HB 1177 Creating a missing and murdered indigenous women and people cold case investigations unit. Legislation requested by the Attorney General's (AG) Office resulting from the WA Missing and Murdered Indigenous Women and People Task Force. In 2022, the task force unanimously recommended the legislature establish and fully fund a cold case investigations unit within the AG's Office. This legislation would create the cold case investigation unit to work with, and provide support to, federal, state, county, municipal, and tribal law enforcement agencies.

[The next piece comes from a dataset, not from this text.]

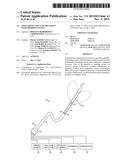 TISSUE RESECTION AND TREATMENT WITH SHEDDING PULSES diagram and image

HB 1445 Concerning law enforcement and local corrections agency misconduct through investigations and legal actions. Allows the WA ATG to investigate and bring suit against law enforcement agencies to compel reforms where there are violations of constitutional policing and civil rights. WA ATG may investigate and bring suit for violations of the Washington Constitution (which has more protections than the US Constitution) or state law. SPD is currently under a federal consent decree that supersedes state oversight of their activities, however this bill will affect SPD once the consent decree is concluded. 
SB 5274 Expanding eligibility in certain public employment positions for lawful permanent residents. Expands eligibility to work in law enforcement to lawful permanent residents (not just citizens). It also removes the requirement to be able to read and write the English language for said positions.
SB 5259 Ensuring commerce and workplaces are safe from product theft. This legislation has four main impacts: (1) creates the organized retail theft task force to improve coordination and collaboration among law enforcement agencies. (2) Businesses that install physical security improvements to receive a Business and Occupation tax credit equal to the amount spent on improvements. BO tax credit may not exceed $3,000 in each calendar year. (3) Cannabis businesses that install physical security improvements of $3,000 or more to receive a reduced cannabis excise tax of 32% (standard cannabis excise tax is 37%). (4) Implements legal protections for staff who engage/intervene with individuals suspected of retail theft.